Questa chiusura rispetto all'ambiente, che è nello stesso tempo drammatica e
armonica, e che sembrerebbe rispecchiare soltanto l'ottica ancora infantile
del protagonista, tutto concentrato sul padre che appare e scompare,
trasforma la famiglia in un microcosmo impenetrabile. I conflitti
famigliari, con tutte le loro gradazioni, vengono visti solo dall'interno e
possono trovare soluzioni soltanto endogene. Non compaiono personaggi che
non facciano parte della famiglia. Intorno all'asse figlio-padre ruotano tre
donne: madre, nonna, sorella. Naturalmente l'elemento più dinamico del
gruppo è questa ragazza, la ventenne Elisa, studentessa universitaria.
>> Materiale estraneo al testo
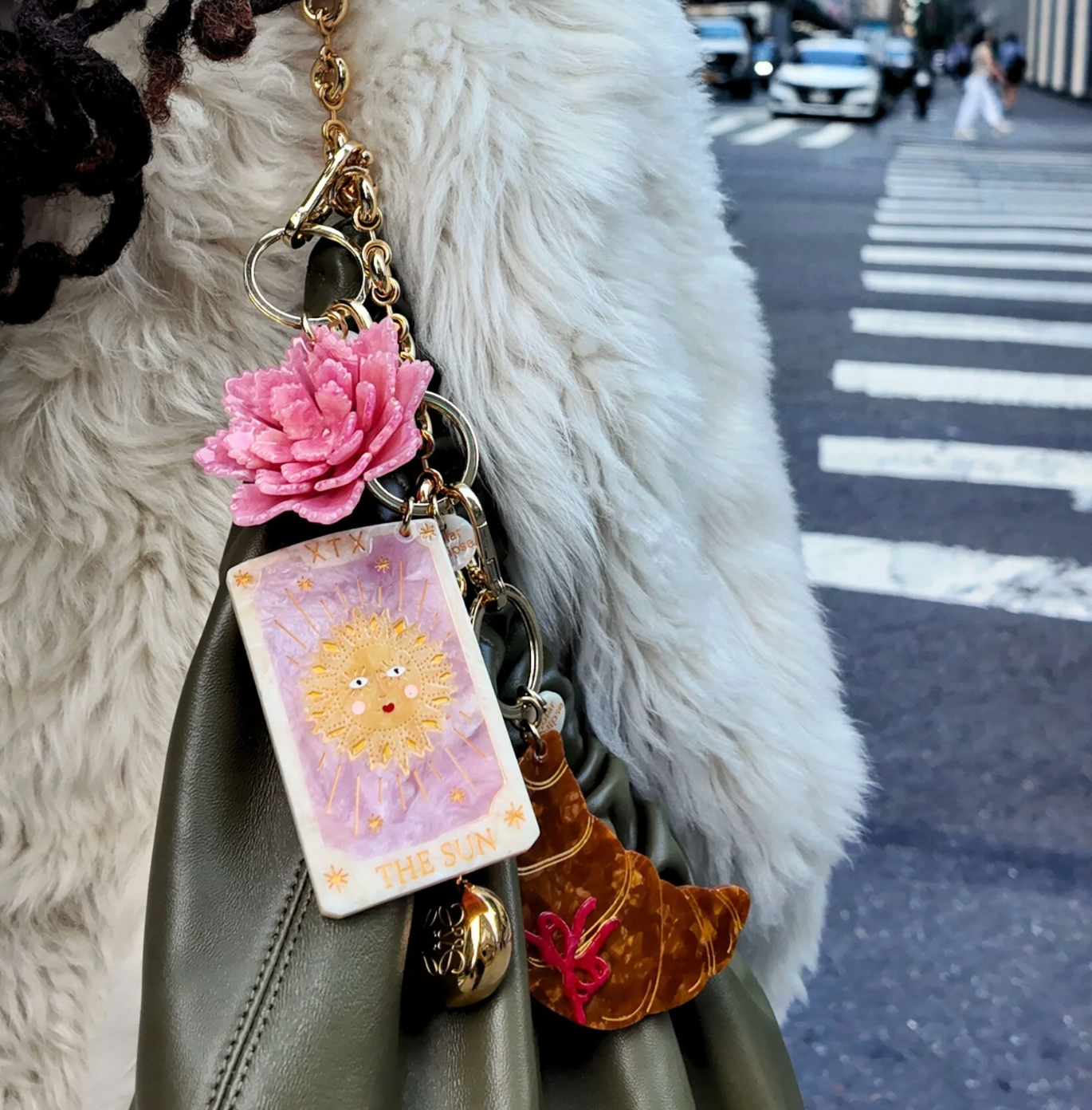 Hand-painted Sun Tarot Card Bag Charm + Keychain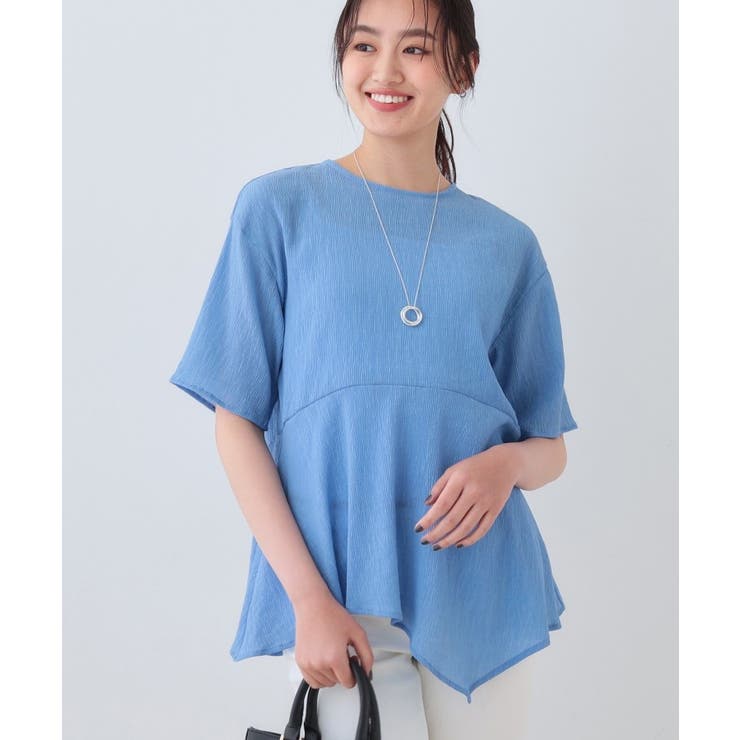 サックスブルー(090) | 【洗える】ペプラムトップス | THE SHOP TK
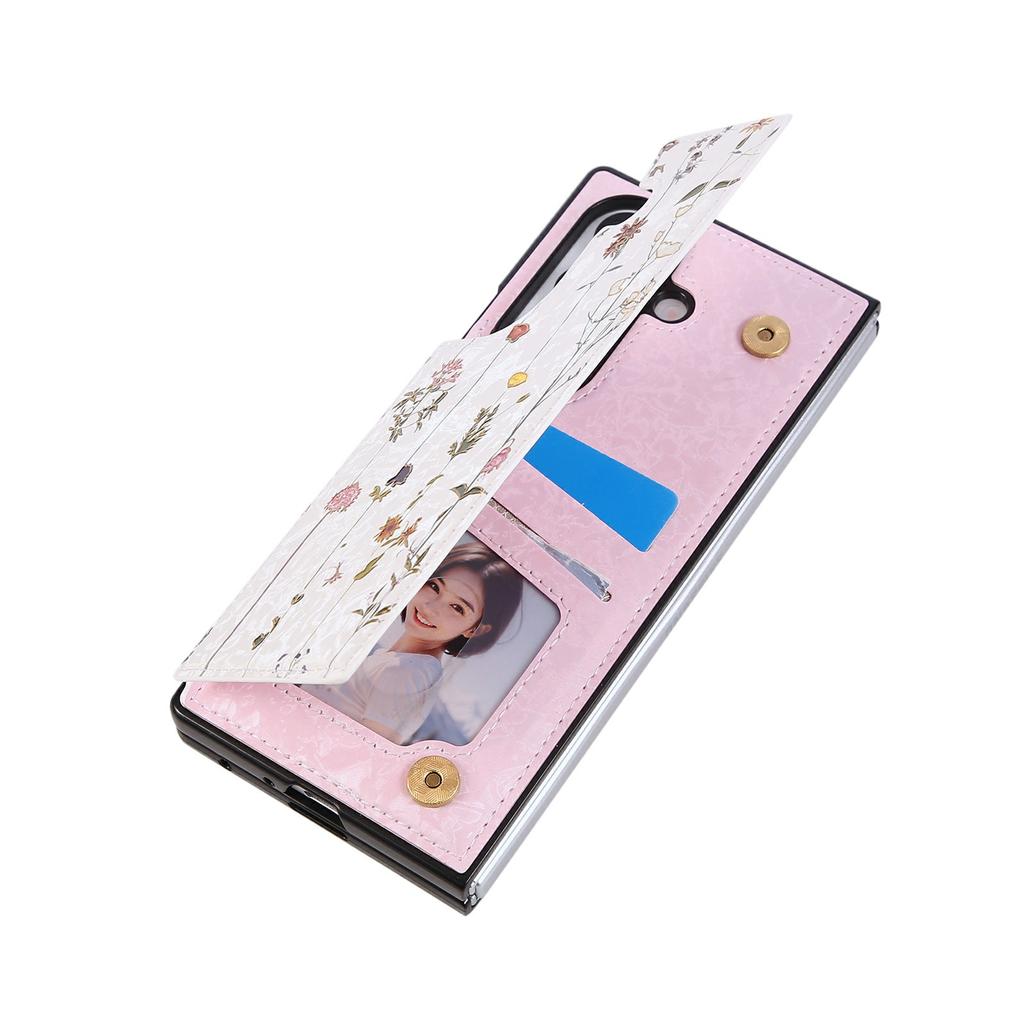 For Samsung Galaxy Z Fold7 5G Case Flower Leather PC RFID Blocking Phone Cover Card Slots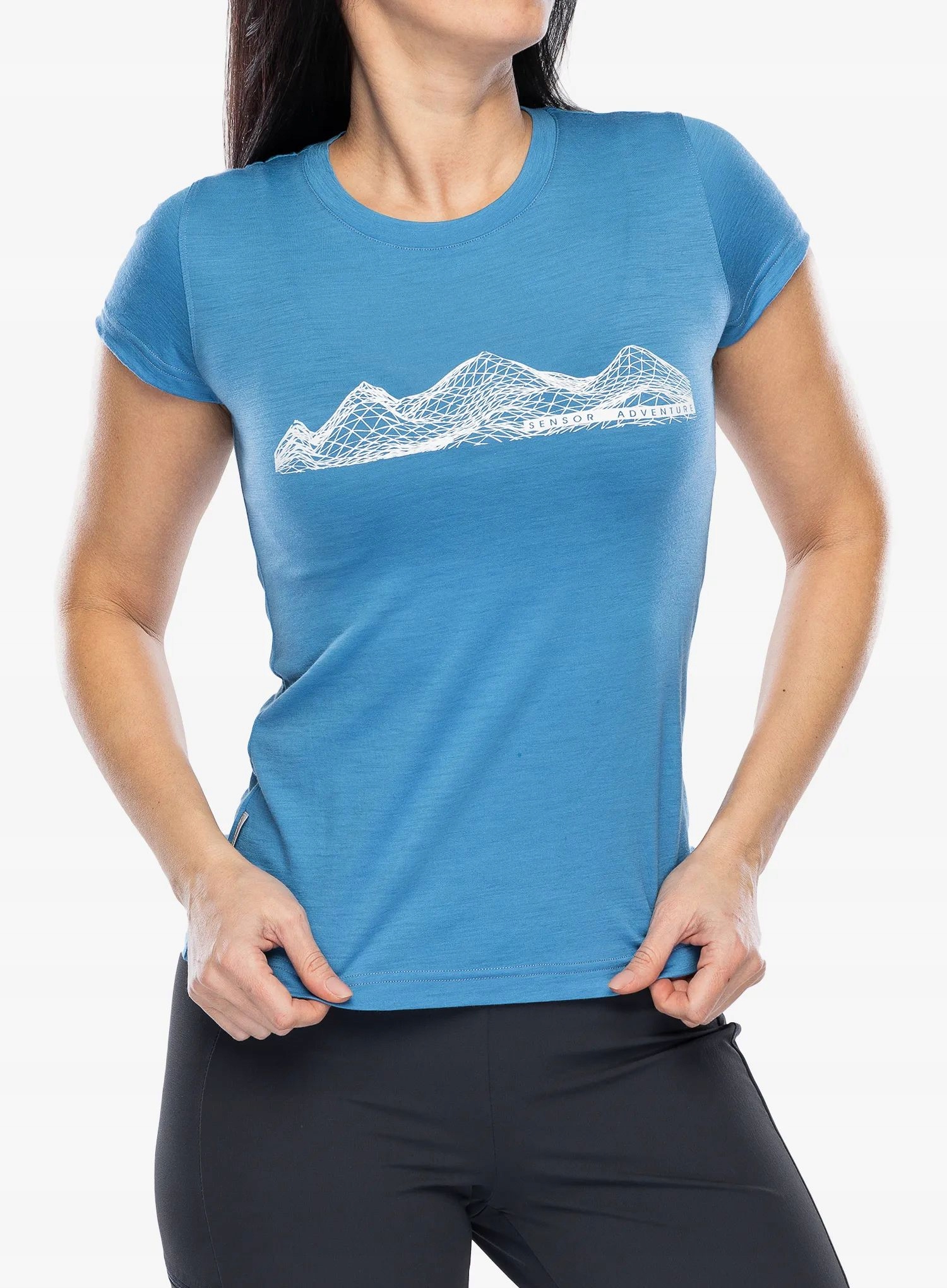 Dámské tričko Sensor Merino Active Pt Tee S/s modré horské boty, velikost M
Il
solo personaggio estraneo è un tipo misterioso e ambivalente, un uomo già
maturo e stranamente giovane, che diventerà l'amante segreto della ragazza e
che alla fine si rivelerà la figura più inquietante e minacciosa della
storia.
Ma l'armonia e la sicurezza verranno ristabilite dal giovane protagonista.
Difendendo sua sorella con il fucile di suo padre, Marco esce dall'infanzia
e fa ingresso nell'età responsabile. Il finale offre al lettore parecchie
soddisfazioni, ma nella forma dell’ “happy end”. La ragazza evade finalmente
dal paese e trascorre un periodo felice a Parigi. Il padre, l'emigrato
inquieto, sempre troppo lontano dai suoi famigliari, butta la valigia nel
fuoco e annuncia solennemente, in pubblico, che non partirà più: la festa
del ritorno continuerà per sempre.
Troppo bello per essere vero? 0 no? Gli italiani e gli italo-albanesi forse
non emigrano
più. Anche Carmine Abate (apprendo dal risvolto di copertina) dopo essere
emigrato in Germania è ritornato in Italia e vive in Trentino, dove insegna.
Eppure mai come oggi l'umanità emigra, quasi sempre senza ritorno, da
innumerevoli paesi verso innumerevoli altri.